The Court agrees with the magistrate judge and the SEC. First, because Mr. Harkins did not argue in his response that neither he nor HWG offered or sold the HWG Instruments in interstate commerce, he cannot now raise that argument in his objections and claim that there is a genuine dispute of material fact on the issue. "Issues raised for the first time in objections to the magistrate judge's recommendation are deemed waived." Marshall v. Chater, 75 F.3d 1421, 1426 (10th Cir. 1996); see also Maurer v. Idaho Dep't of Corr., 799 F. App'x 612, 614 n.1 (10th Cir. 2020) (unpublished).

Second, even if Mr. Harkins had not waived this argument, the Court would still accept the magistrate judge's recommendation. One of the SEC's statements of undisputed fact is that Mr. Harkins and HWG offered and sold the HWG Instruments in general solicitation, through mailing lists, finders, seminars, and HWG's public website. Docket No. 27 at 6, 8, 9, ¶¶ 4, 22, 30. When Mr. Harkins did not deny this fact in his response to the SEC's motion, the fact was deemed admitted. Fed. R. Civ. P. 56(e); see also Wagner-Harding v. Farmland Indus. Inc. Employee Ret. Plan, 26 F. App'x 811, 812 (10th Cir. 2001) (unpublished); see also Practice Standards (Civil cases), Chief Judge Philip A. Brimmer § III.F.3.b.iv ("[a]ny denial shall be accompanied by a brief factual explanation of the reason(s) for the denial and a specific reference to material in the record supporting the denial"); id. § III.F.3.b.ix ("[f]ailure to follow these procedures may result in an order striking or denying the motion or brief or may cause the Court to deem certain facts as admitted"). Even if this fact were disputed, however, the Court does not find the dispute to be genuine, as Mr. Harkins testified at his deposition that HWG sent postcards via direct mail to potential investors based on a mailing list "from some service." See Docket No. 27-5 at 5-6, 88:19-89:7. A reasonable jury, presented with this testimony, could not find that Mr. Harkins did not offer or sell the HWG Instruments in interstate commerce. See Allen, 119 F.3d at 839. Thus, even if Mr. Harkins had not waived this argument and even if the Court did not deem the facts as admitted, on de novo review, the Court would overrule his objection because he is mistaken that the use of phones, email, the internet, and mail is not sufficient to show the offer or sale in interstate commerce. Kerbs v. Fall River Indus., Inc., 502 F.2d 731, 737-38 (10th Cir. 1974) (holding use of the phone sufficient to establish interstate commerce).

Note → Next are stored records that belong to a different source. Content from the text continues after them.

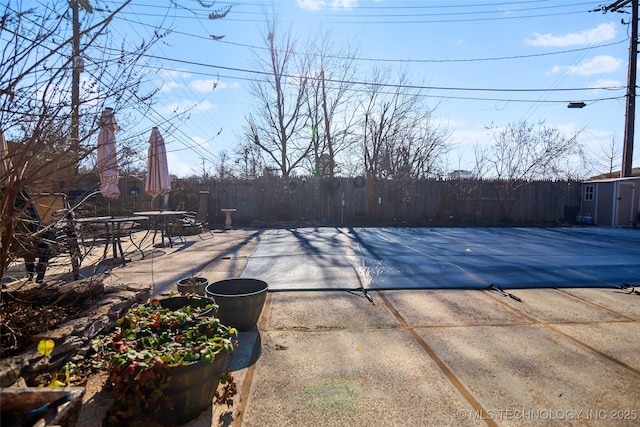 view of swimming pool featuring a patio area and a storage shed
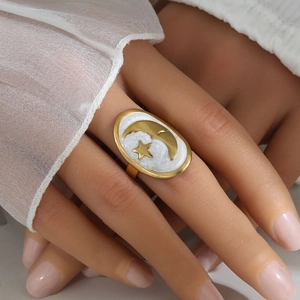 Macro detail of gold moon and star ring with white pearlescent enamel on a model finger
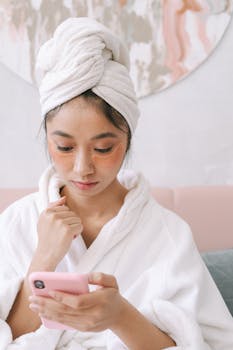 A woman in a bathrobe and towel uses her phone while wearing under-eye patches for beauty care.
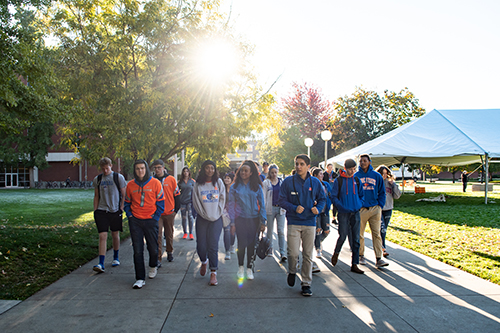 A tour guide leads students around the Boise State University campus.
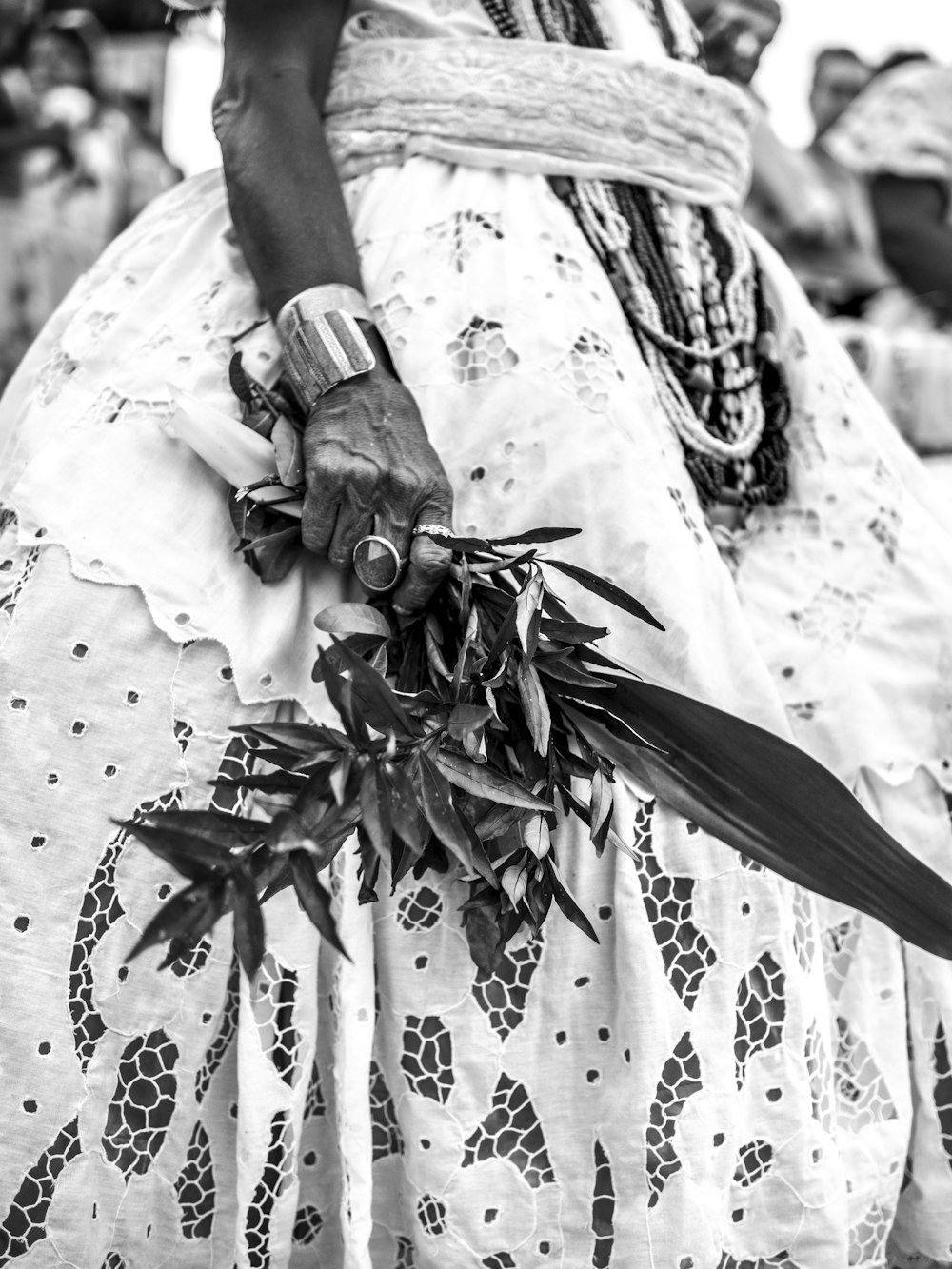 a black and white photo of a woman in a dress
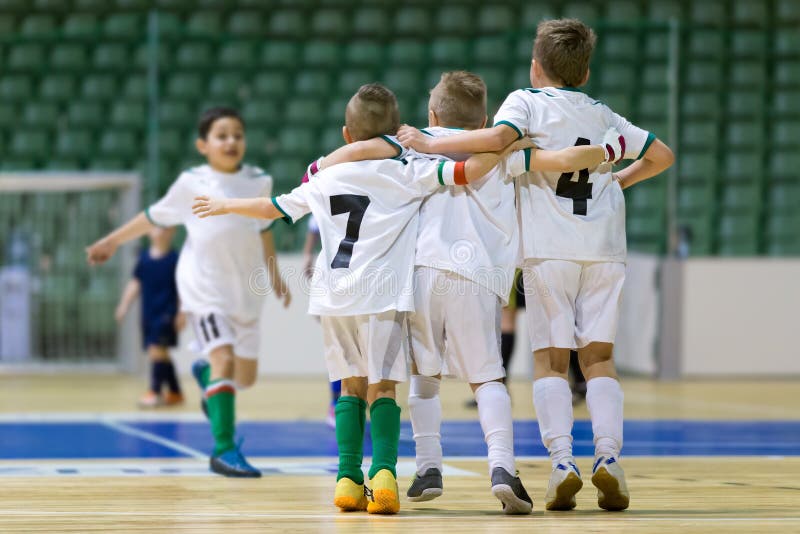 Indoor football soccer match for children. Happy kids together after winning futsal game. Chldren celebrate sport victory. Youth sport triumph. Indoor football soccer match for children. Happy kids together after winning futsal game. Chldren celebrate sport victory. Youth sport triumph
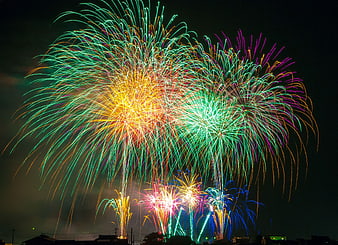 Vibrant Multi-Color Fireworks Display Over Night Sky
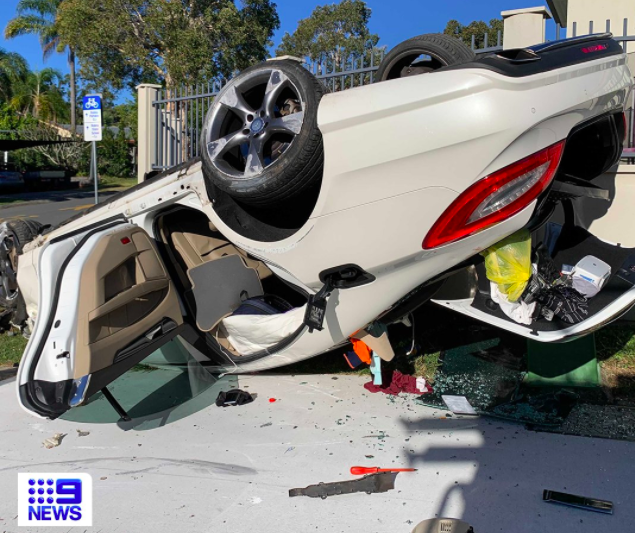 Article image for Car flips after hitting fence in Robina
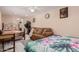 Guest bedroom with two beds, sofa, and small workspace at 3601 W Solano Dr, Phoenix, AZ 85019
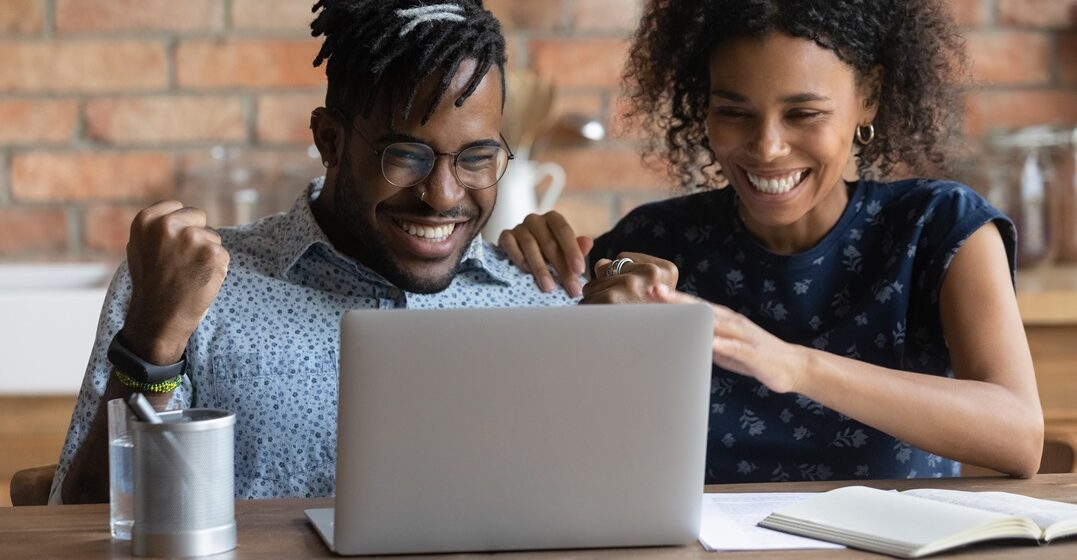 Close,Up,Overjoyed,African,American,Couple,Looking,At,Laptop,Screen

To the extent that Mr. Harkins's new interstate commerce argument is an objection to the Court's exercise of subject matter jurisdiction, as Mr. Harkins organized this argument within a section titled "Jurisdiction," Docket No. 41 at 2, his argument is unavailing. The Securities Act is clear that "[t]he district courts of the United States . . . shall have jurisdiction of offenses and violations in this subchapter and under the rules and regulations promulgated by the [SEC]." 15 U.S.C. § 77v(a). The Supreme Court has also held, regarding a provision of the Securities Exchange Act of 1934, that "to ask what conduct § 10(b) reaches is to ask what conduct § 10(b) prohibits, which is a merits question. Subject-matter jurisdiction, by contrast, 'refers to a tribunal's power to hear a case.'" Morrison v. Nat'l Austl. Bank Ltd., 561 U.S. 247, 254 (2010) (quoting Union Pac. R. Co. v. Locomotive Eng'rs, 558 U.S. 67, 81 (2009)). The Court therefore overrules this objection to the extent that Mr. Harkins did not waive it.

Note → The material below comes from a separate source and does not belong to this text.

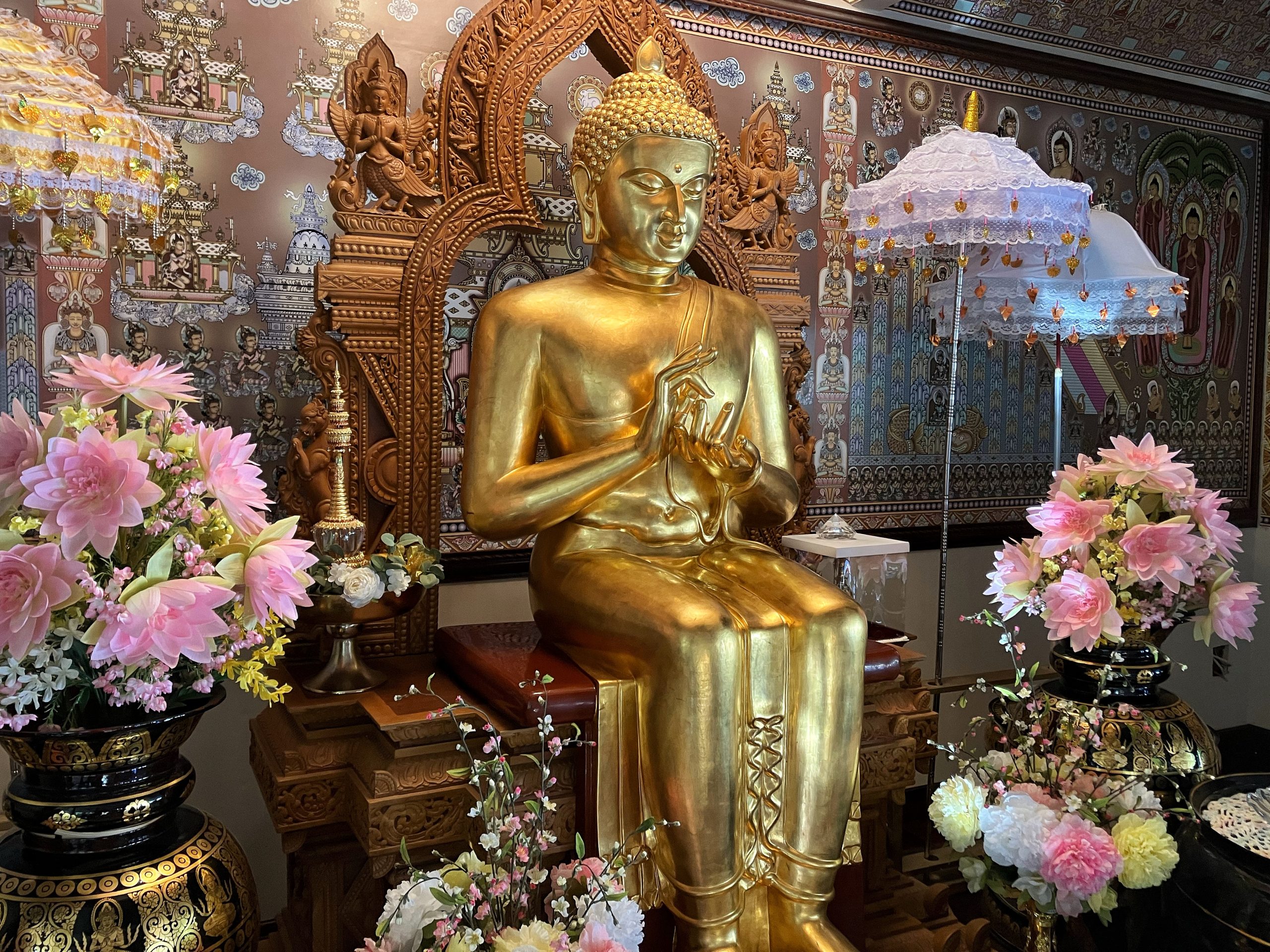 Large seated Buddha statue surrounded by flowers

2. Whether the HWG Instruments are Securities

In its motion for summary judgment, the SEC argued that the HWG Instruments are either "notes" or "investment contracts," both of which are securities under the Securities Act. Docket No. 27 at 11-18. The magistrate judge determined that (i) the HWG Instruments are notes; (ii) the HWG Instruments are not exempt from registration with the SEC; and (iii) therefore, summary judgment is appropriate for the SEC. Docket No. 35 at 17. The magistrate judge reached this conclusion after applying the test set forth in Reves v. Ernst & Young, 494 U.S. 56, 65-67 (1990), as stated in SEC v. Thompson, 732 F.3d 1151, 1158-59 (10th Cir. 2013). Docket No. 35 at 10-11. Under the Reves "family resemblance test," a note is presumed to be a security, and this presumption may be rebutted only by showing that the note "bears a strong resemblance" to one of the categories of instruments that are not securities, including notes "secured by a mortgage on a home." Id. at 10 (citing Reves, 494 U.S. at 65, 67). To determine whether an instrument bears a strong resemblance, a court considers four non-dispositive factors:

Because the magistrate judge concluded that the HWG Instruments had to be registered because they are notes, the magistrate judge determined that it was not necessary to further determine whether the HWG Instruments are also investment contracts. Docket No. 35 at 17 n.5. Mr. Harkins does not object to this aspect of the recommendation.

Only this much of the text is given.